**EXERCISE BRIEF**
Every line from the one containing "Maxfavor Front &" to the one containing "1440x2157 Invincible Phone Wallpaper" in the records below, both included, must be set down exactly, and no other line.

**RECORDS**

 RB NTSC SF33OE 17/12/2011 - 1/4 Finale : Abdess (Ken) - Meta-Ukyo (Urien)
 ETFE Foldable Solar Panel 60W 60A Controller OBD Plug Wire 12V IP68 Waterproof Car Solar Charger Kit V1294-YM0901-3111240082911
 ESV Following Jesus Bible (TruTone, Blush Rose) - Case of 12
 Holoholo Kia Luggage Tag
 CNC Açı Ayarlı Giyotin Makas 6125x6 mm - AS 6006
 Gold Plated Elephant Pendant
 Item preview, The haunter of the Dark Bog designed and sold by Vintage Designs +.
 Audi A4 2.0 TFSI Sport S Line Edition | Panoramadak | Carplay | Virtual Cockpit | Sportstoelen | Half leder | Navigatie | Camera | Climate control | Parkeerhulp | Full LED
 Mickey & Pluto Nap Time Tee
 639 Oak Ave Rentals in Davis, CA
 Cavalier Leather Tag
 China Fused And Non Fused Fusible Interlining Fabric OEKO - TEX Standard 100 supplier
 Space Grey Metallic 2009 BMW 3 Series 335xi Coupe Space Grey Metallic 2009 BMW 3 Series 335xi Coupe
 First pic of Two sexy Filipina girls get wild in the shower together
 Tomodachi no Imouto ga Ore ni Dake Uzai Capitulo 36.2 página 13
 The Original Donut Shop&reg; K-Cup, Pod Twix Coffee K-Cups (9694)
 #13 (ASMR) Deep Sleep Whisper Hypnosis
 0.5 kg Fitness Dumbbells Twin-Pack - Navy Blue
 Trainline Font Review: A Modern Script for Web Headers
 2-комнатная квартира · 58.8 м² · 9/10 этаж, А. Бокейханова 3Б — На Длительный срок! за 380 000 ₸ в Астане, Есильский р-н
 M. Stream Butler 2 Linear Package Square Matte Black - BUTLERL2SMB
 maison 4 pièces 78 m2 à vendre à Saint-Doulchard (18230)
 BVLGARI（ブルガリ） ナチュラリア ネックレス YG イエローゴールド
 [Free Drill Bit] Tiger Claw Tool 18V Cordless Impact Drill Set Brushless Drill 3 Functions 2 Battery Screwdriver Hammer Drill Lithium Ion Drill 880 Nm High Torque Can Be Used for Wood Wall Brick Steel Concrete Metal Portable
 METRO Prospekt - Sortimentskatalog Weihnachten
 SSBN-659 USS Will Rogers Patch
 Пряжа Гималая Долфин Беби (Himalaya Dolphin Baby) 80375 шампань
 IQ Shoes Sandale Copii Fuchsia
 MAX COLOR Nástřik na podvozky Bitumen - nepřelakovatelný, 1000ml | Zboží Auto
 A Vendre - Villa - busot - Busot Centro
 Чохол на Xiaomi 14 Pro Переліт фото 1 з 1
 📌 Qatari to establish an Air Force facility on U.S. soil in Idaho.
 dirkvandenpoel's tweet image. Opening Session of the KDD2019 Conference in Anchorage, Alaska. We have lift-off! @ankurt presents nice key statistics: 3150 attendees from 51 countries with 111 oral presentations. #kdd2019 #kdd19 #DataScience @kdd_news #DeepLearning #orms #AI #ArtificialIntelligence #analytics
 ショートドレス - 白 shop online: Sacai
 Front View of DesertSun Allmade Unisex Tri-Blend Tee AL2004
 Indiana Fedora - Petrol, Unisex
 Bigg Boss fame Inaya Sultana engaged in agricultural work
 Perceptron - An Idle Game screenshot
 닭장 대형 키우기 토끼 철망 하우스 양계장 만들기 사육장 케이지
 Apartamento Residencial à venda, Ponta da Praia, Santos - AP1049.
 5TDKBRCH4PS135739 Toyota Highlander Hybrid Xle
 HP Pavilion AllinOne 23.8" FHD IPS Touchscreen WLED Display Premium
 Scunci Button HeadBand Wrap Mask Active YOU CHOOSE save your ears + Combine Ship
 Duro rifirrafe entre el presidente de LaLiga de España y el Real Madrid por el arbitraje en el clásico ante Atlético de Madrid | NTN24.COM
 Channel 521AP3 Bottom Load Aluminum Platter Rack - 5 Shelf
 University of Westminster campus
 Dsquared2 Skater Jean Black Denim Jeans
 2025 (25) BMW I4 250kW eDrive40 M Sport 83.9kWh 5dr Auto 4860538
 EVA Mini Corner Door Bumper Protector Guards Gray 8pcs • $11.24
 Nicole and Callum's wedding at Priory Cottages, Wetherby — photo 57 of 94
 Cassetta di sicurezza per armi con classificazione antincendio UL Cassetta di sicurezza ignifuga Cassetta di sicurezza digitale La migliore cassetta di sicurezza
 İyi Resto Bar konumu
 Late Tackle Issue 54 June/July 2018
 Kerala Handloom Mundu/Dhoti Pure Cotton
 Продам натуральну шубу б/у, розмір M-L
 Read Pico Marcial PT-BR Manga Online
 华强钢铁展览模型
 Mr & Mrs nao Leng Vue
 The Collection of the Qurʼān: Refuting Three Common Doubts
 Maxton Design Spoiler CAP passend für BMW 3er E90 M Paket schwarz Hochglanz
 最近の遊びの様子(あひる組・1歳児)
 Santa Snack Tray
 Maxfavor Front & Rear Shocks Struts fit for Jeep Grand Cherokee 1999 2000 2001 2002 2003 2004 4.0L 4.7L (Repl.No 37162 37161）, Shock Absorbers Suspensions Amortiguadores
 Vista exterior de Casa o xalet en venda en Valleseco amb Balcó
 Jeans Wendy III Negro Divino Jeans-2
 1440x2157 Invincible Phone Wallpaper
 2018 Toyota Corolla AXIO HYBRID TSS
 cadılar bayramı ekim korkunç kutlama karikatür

**RESPONSE AREA**
 Maxfavor Front & Rear Shocks Struts fit for Jeep Grand Cherokee 1999 2000 2001 2002 2003 2004 4.0L 4.7L (Repl.No 37162 37161）, Shock Absorbers Suspensions Amortiguadores
 Vista exterior de Casa o xalet en venda en Valleseco amb Balcó
 Jeans Wendy III Negro Divino Jeans-2
 1440x2157 Invincible Phone Wallpaper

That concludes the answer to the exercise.